_Exercise objective_
The answer is the data below, repeated exactly, with no pictures included.
(Given data)
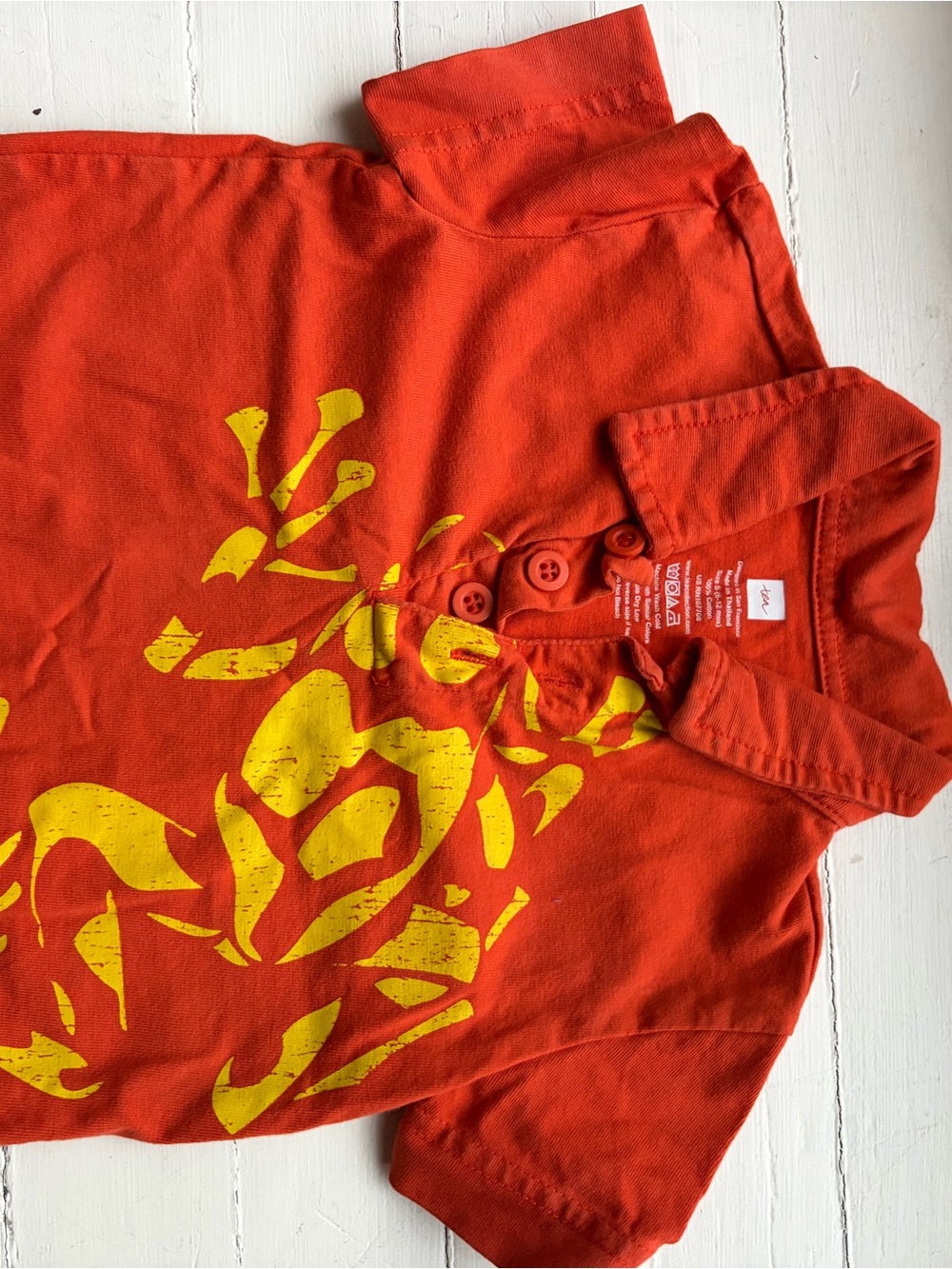 Tea Collection Red Polo with Yellow Graphic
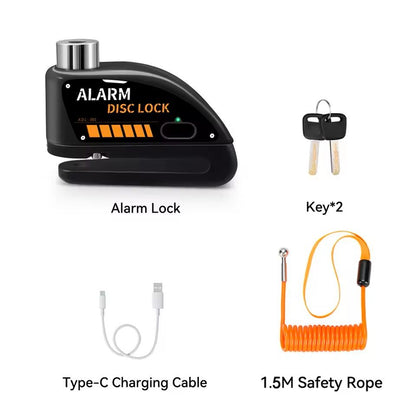 Motorcycle Alarm Disc Brake Lock 120dB Anti Theft Padlock 17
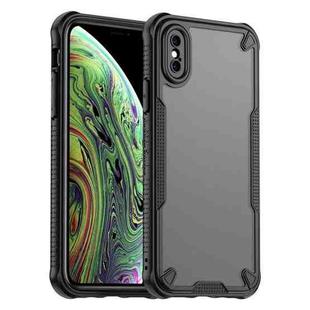 For iPhone XS Armor Glaze PC Hybrid TPU Phone Case(Black)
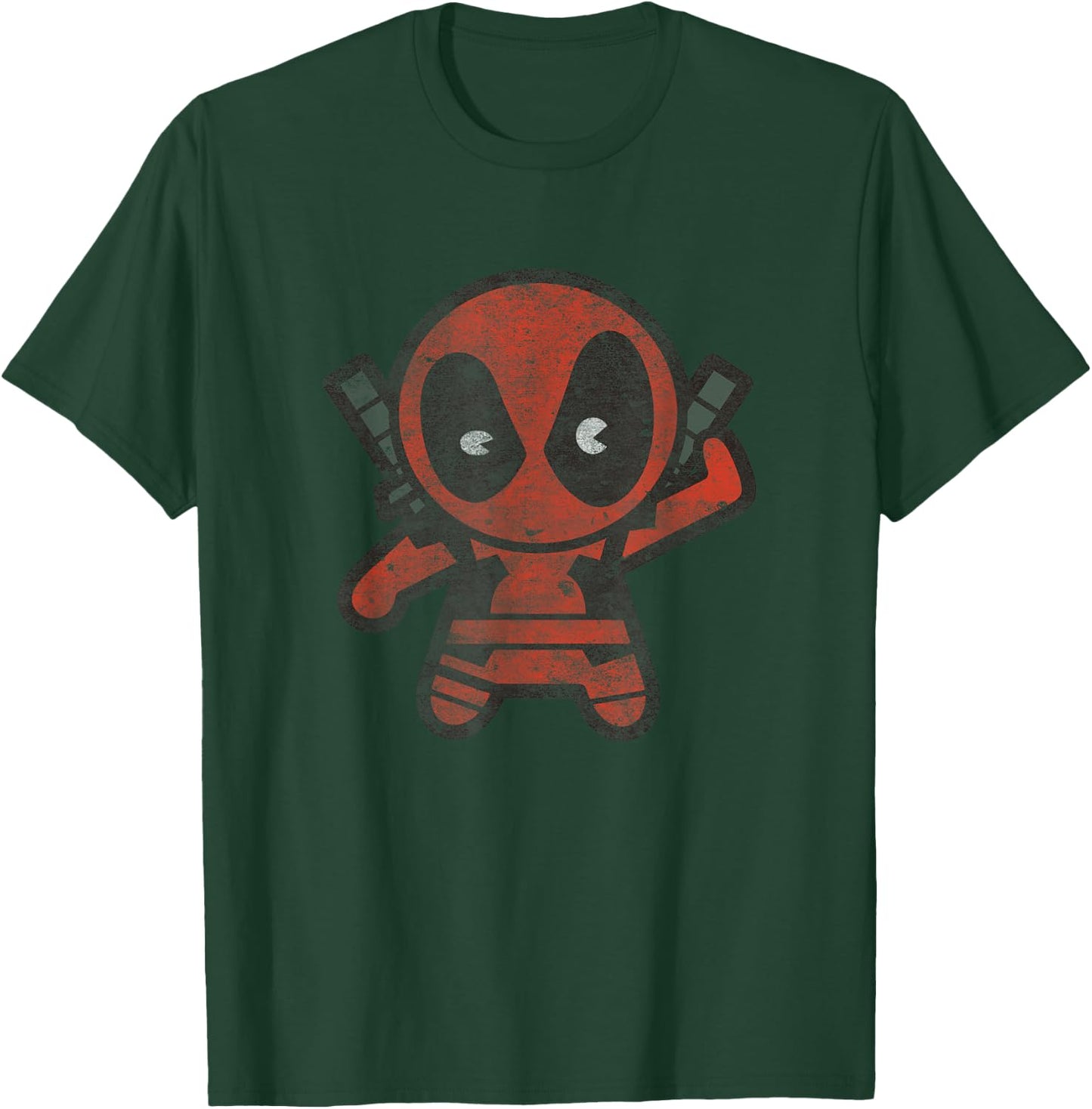 Marvel Kawaii Chibi Deadpool Sassy Portrait Distressed V2 T-Shirt - T-Shirt | Forest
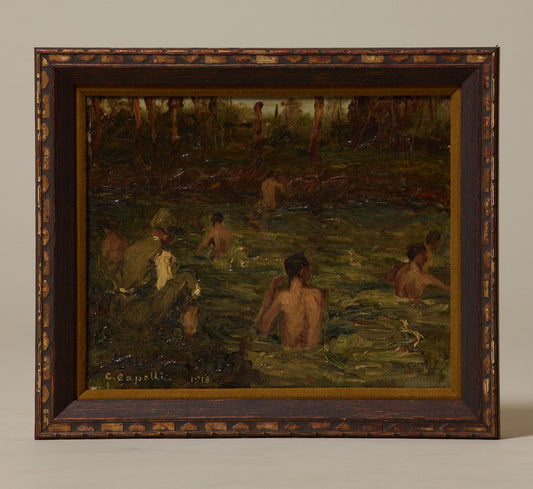 ITALIAN SCHOOL "THE BATH IN PIAVE" C. 1918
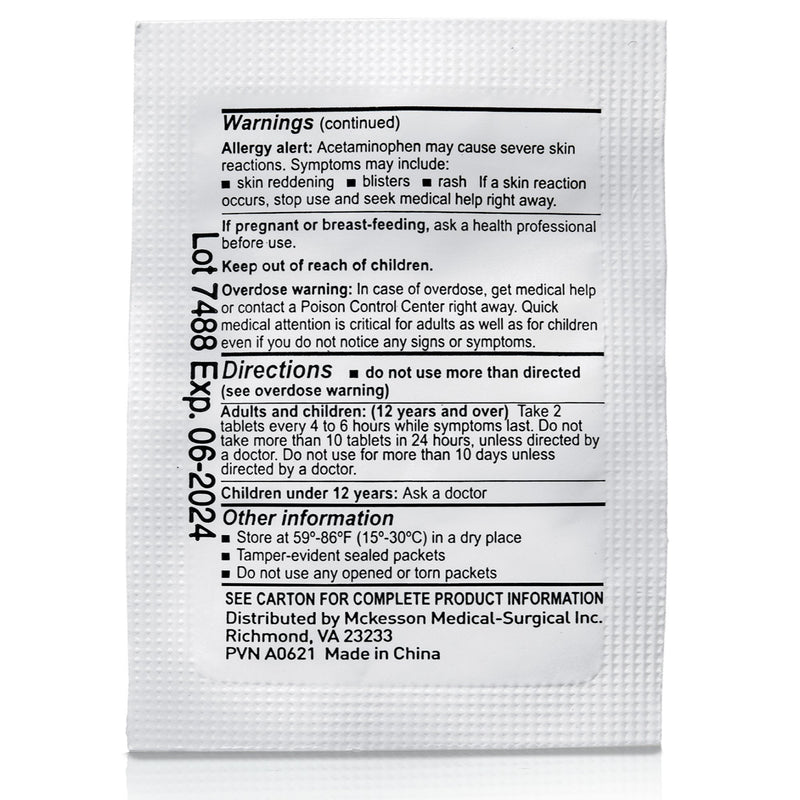 McKesson Pain Relief 325 mg Strength Acetaminophen Unit Dose Tablet 250 per Box (1111736_CS) 3000/CS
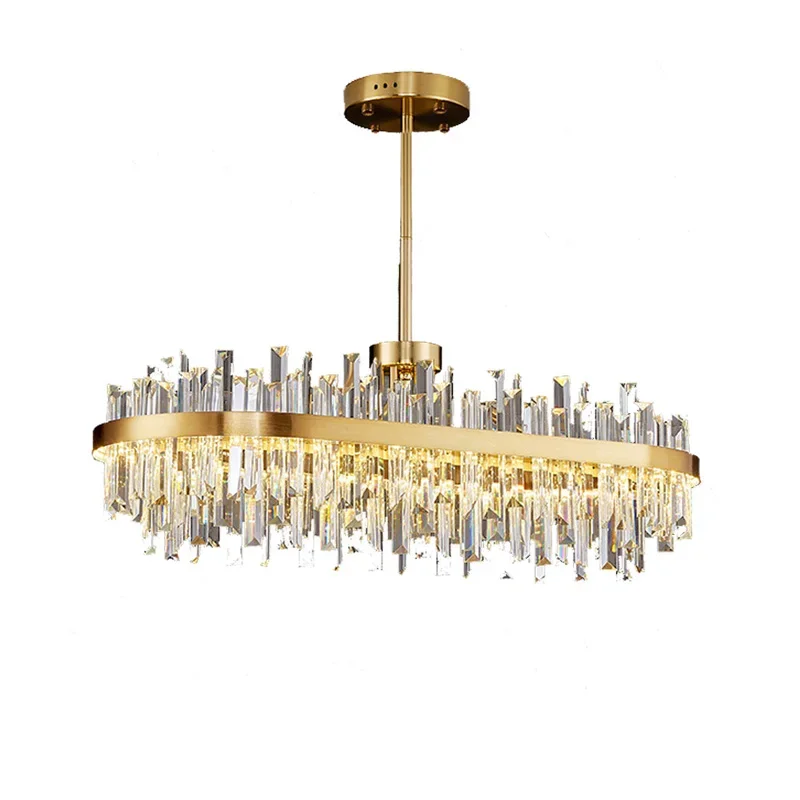 

Dimmable LED Gold Chrome Crystal Hanging Lamps Ceiling Chandelier Lighting Lustre Suspension Luminaire Lampen For Dinning Room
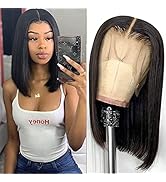 12Inch Short Bob Wig Human Hair HD Transparent Bob Lace Front Wigs Human Hair Glueless Brazilian ...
(End Given data)
_Problem solution_
 Tea Collection Red Polo with Yellow Graphic
 Motorcycle Alarm Disc Brake Lock 120dB Anti Theft Padlock 17
 For iPhone XS Armor Glaze PC Hybrid TPU Phone Case(Black)
 Marvel Kawaii Chibi Deadpool Sassy Portrait Distressed V2 T-Shirt - T-Shirt | Forest
 ITALIAN SCHOOL "THE BATH IN PIAVE" C. 1918
 McKesson Pain Relief 325 mg Strength Acetaminophen Unit Dose Tablet 250 per Box (1111736_CS) 3000/CS

Dimmable LED Gold Chrome Crystal Hanging Lamps Ceiling Chandelier Lighting Lustre Suspension Luminaire Lampen For Dinning Room
 12Inch Short Bob Wig Human Hair HD Transparent Bob Lace Front Wigs Human Hair Glueless Brazilian ...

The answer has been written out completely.